-------- SUPPLIED MATERIAL

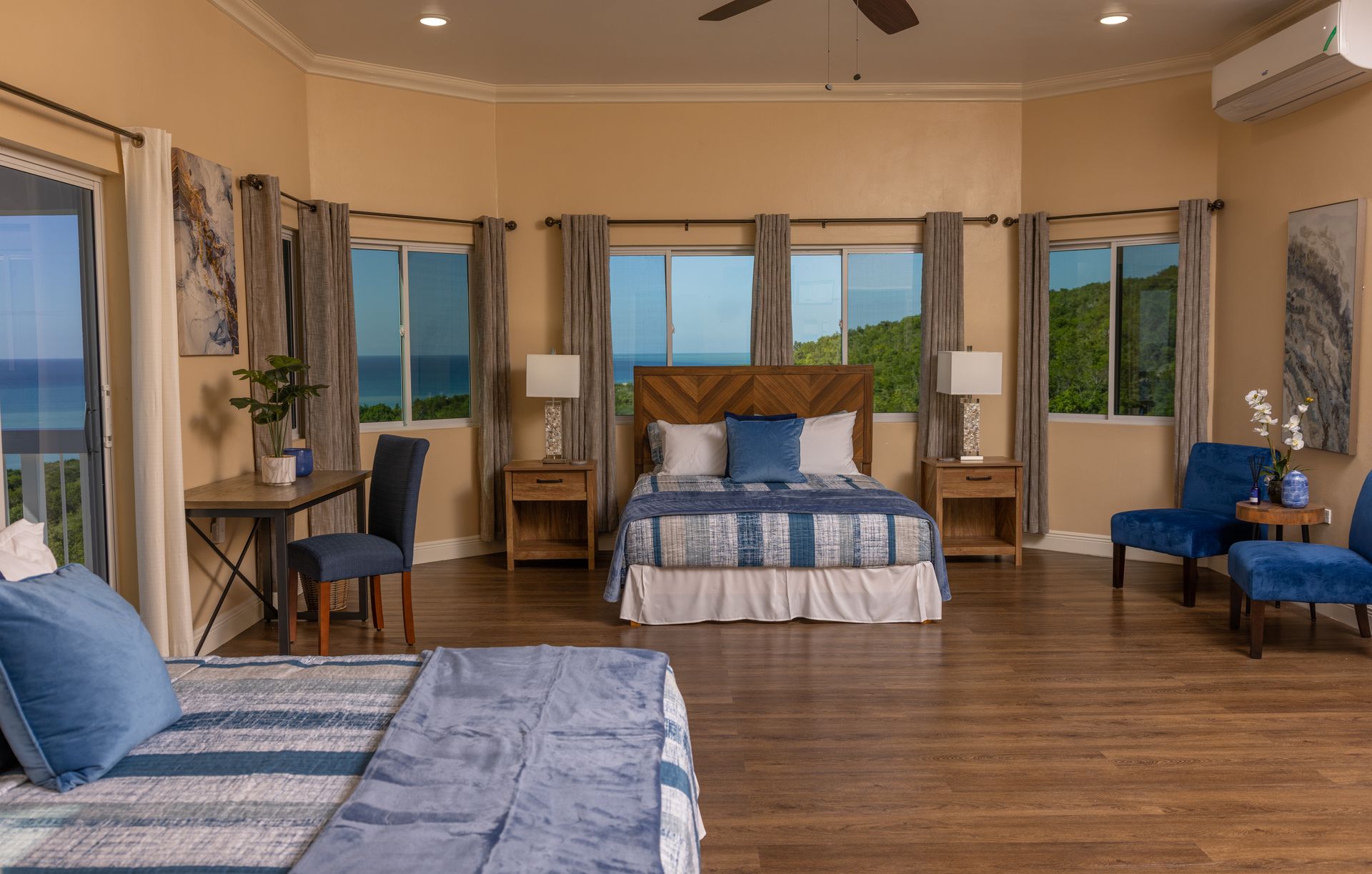 Spacious bedroom with ocean view. Two beds, nightstands, desk, and blue accent chairs.
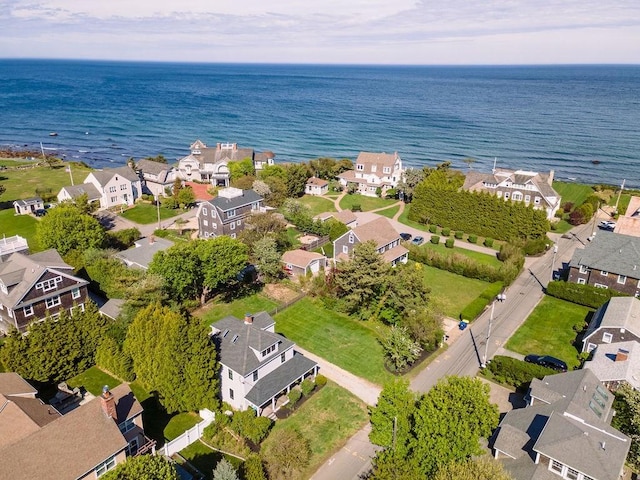 aerial perspective of suburban area with a nearby body of water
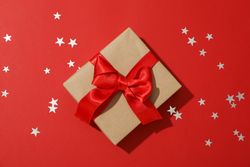 Gift box with bow on red background, space for text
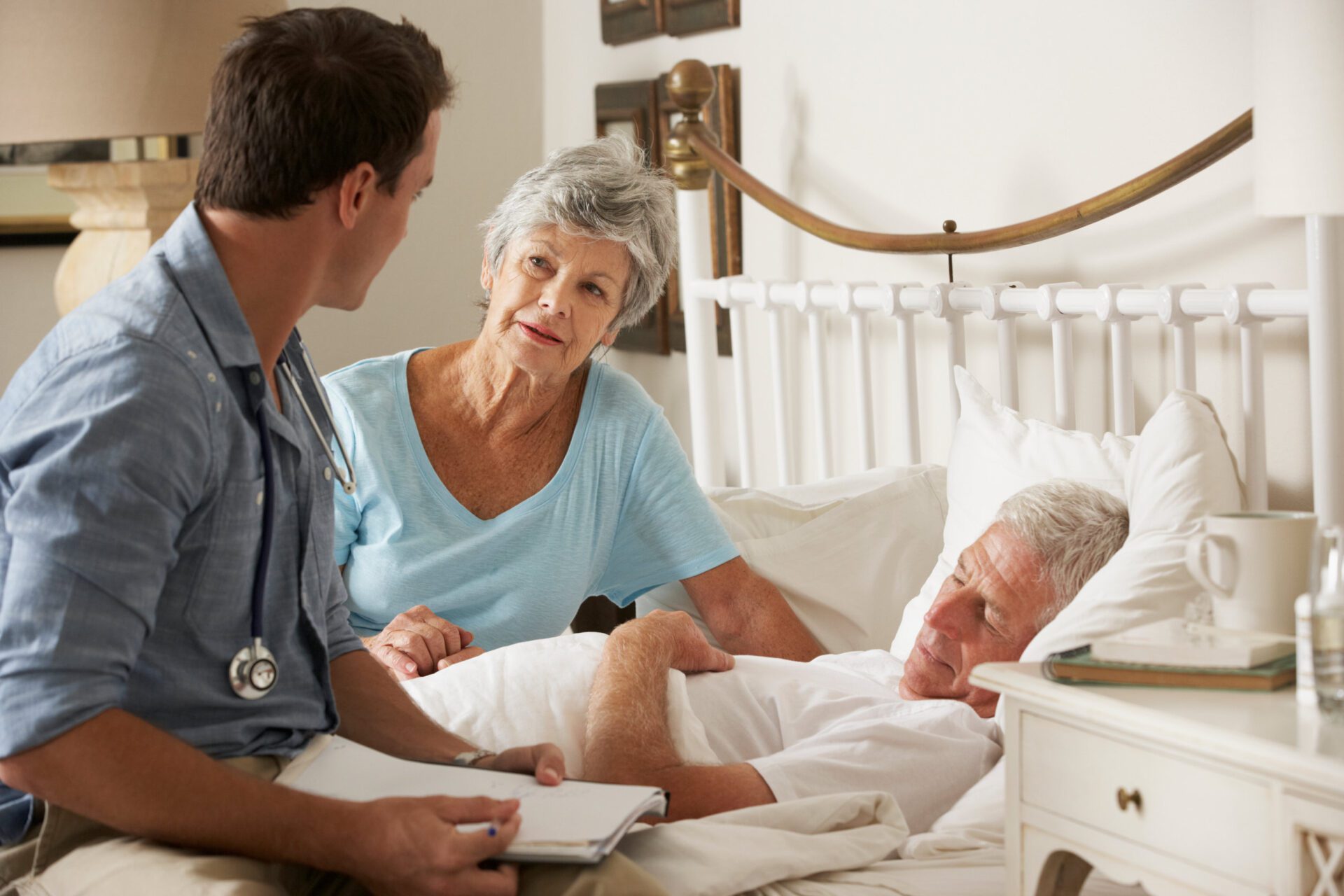 Doctor On Home Visit Discussing Health Of Senior Male Patient With Wife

----------------

WORK ORDER: Copy out the material exactly as it stands, though no picture should appear in the copy.

RESULT OF THE EXERCISE:
 Spacious bedroom with ocean view. Two beds, nightstands, desk, and blue accent chairs.
 aerial perspective of suburban area with a nearby body of water
 Gift box with bow on red background, space for text
 Doctor On Home Visit Discussing Health Of Senior Male Patient With Wife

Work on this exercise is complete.